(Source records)
§ §
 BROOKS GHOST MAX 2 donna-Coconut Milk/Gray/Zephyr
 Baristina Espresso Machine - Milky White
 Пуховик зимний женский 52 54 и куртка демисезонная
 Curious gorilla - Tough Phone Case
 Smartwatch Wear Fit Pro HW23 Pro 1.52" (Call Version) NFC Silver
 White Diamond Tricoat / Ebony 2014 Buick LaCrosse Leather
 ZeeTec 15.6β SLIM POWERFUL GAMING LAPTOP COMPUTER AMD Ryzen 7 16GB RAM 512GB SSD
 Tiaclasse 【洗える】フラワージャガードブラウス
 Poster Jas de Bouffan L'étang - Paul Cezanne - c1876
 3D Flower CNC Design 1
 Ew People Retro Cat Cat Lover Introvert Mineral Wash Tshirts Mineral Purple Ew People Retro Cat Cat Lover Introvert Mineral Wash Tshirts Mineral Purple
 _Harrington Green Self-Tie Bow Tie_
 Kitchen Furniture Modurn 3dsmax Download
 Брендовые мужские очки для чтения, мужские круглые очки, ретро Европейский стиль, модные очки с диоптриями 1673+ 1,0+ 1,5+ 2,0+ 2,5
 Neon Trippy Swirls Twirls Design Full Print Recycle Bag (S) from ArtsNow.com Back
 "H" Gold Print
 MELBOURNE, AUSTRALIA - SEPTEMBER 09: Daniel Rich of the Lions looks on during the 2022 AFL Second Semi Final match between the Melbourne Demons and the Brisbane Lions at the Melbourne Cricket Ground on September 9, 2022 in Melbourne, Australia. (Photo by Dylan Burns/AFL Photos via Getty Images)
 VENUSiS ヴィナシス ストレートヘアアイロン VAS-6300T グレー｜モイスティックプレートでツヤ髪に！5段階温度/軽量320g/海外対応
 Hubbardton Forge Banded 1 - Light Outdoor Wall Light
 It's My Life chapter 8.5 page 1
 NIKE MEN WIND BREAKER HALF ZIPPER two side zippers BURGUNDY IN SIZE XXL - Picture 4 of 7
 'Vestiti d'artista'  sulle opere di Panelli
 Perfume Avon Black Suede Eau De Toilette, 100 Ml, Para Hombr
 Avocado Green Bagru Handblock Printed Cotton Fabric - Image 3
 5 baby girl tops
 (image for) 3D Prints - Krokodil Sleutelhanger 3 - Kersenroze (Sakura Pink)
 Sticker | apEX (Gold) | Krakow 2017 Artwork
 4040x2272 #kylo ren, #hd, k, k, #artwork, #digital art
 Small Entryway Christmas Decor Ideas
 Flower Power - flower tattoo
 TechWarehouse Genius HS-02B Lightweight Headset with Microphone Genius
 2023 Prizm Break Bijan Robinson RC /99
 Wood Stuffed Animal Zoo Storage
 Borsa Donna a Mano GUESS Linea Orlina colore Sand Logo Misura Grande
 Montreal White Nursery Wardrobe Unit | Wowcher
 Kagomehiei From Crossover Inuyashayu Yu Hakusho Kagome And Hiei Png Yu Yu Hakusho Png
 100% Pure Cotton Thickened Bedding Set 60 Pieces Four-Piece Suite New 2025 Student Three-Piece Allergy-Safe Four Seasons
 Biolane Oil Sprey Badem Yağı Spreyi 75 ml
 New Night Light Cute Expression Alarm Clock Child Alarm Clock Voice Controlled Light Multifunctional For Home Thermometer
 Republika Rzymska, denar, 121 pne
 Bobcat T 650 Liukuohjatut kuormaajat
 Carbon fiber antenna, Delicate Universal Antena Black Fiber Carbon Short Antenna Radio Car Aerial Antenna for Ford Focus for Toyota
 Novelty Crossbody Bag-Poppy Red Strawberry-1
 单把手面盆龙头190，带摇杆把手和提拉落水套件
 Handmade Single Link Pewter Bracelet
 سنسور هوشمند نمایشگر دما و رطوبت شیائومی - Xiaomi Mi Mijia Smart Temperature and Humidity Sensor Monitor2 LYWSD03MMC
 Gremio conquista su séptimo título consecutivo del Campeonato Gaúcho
§ §
▸ What you will do
Transcribe the data in full, keeping every detail.

▸ Solution to this problem
 BROOKS GHOST MAX 2 donna-Coconut Milk/Gray/Zephyr
 Baristina Espresso Machine - Milky White
 Пуховик зимний женский 52 54 и куртка демисезонная
 Curious gorilla - Tough Phone Case
 Smartwatch Wear Fit Pro HW23 Pro 1.52" (Call Version) NFC Silver
 White Diamond Tricoat / Ebony 2014 Buick LaCrosse Leather
 ZeeTec 15.6β SLIM POWERFUL GAMING LAPTOP COMPUTER AMD Ryzen 7 16GB RAM 512GB SSD
 Tiaclasse 【洗える】フラワージャガードブラウス
 Poster Jas de Bouffan L'étang - Paul Cezanne - c1876
 3D Flower CNC Design 1
 Ew People Retro Cat Cat Lover Introvert Mineral Wash Tshirts Mineral Purple Ew People Retro Cat Cat Lover Introvert Mineral Wash Tshirts Mineral Purple
 _Harrington Green Self-Tie Bow Tie_
 Kitchen Furniture Modurn 3dsmax Download
 Брендовые мужские очки для чтения, мужские круглые очки, ретро Европейский стиль, модные очки с диоптриями 1673+ 1,0+ 1,5+ 2,0+ 2,5
 Neon Trippy Swirls Twirls Design Full Print Recycle Bag (S) from ArtsNow.com Back
 "H" Gold Print
 MELBOURNE, AUSTRALIA - SEPTEMBER 09: Daniel Rich of the Lions looks on during the 2022 AFL Second Semi Final match between the Melbourne Demons and the Brisbane Lions at the Melbourne Cricket Ground on September 9, 2022 in Melbourne, Australia. (Photo by Dylan Burns/AFL Photos via Getty Images)
 VENUSiS ヴィナシス ストレートヘアアイロン VAS-6300T グレー｜モイスティックプレートでツヤ髪に！5段階温度/軽量320g/海外対応
 Hubbardton Forge Banded 1 - Light Outdoor Wall Light
 It's My Life chapter 8.5 page 1
 NIKE MEN WIND BREAKER HALF ZIPPER two side zippers BURGUNDY IN SIZE XXL - Picture 4 of 7
 'Vestiti d'artista'  sulle opere di Panelli
 Perfume Avon Black Suede Eau De Toilette, 100 Ml, Para Hombr
 Avocado Green Bagru Handblock Printed Cotton Fabric - Image 3
 5 baby girl tops
 (image for) 3D Prints - Krokodil Sleutelhanger 3 - Kersenroze (Sakura Pink)
 Sticker | apEX (Gold) | Krakow 2017 Artwork
 4040x2272 #kylo ren, #hd, k, k, #artwork, #digital art
 Small Entryway Christmas Decor Ideas
 Flower Power - flower tattoo
 TechWarehouse Genius HS-02B Lightweight Headset with Microphone Genius
 2023 Prizm Break Bijan Robinson RC /99
 Wood Stuffed Animal Zoo Storage
 Borsa Donna a Mano GUESS Linea Orlina colore Sand Logo Misura Grande
 Montreal White Nursery Wardrobe Unit | Wowcher
 Kagomehiei From Crossover Inuyashayu Yu Hakusho Kagome And Hiei Png Yu Yu Hakusho Png
 100% Pure Cotton Thickened Bedding Set 60 Pieces Four-Piece Suite New 2025 Student Three-Piece Allergy-Safe Four Seasons
 Biolane Oil Sprey Badem Yağı Spreyi 75 ml
 New Night Light Cute Expression Alarm Clock Child Alarm Clock Voice Controlled Light Multifunctional For Home Thermometer
 Republika Rzymska, denar, 121 pne
 Bobcat T 650 Liukuohjatut kuormaajat
 Carbon fiber antenna, Delicate Universal Antena Black Fiber Carbon Short Antenna Radio Car Aerial Antenna for Ford Focus for Toyota
 Novelty Crossbody Bag-Poppy Red Strawberry-1
 单把手面盆龙头190，带摇杆把手和提拉落水套件
 Handmade Single Link Pewter Bracelet
 سنسور هوشمند نمایشگر دما و رطوبت شیائومی - Xiaomi Mi Mijia Smart Temperature and Humidity Sensor Monitor2 LYWSD03MMC
 Gremio conquista su séptimo título consecutivo del Campeonato Gaúcho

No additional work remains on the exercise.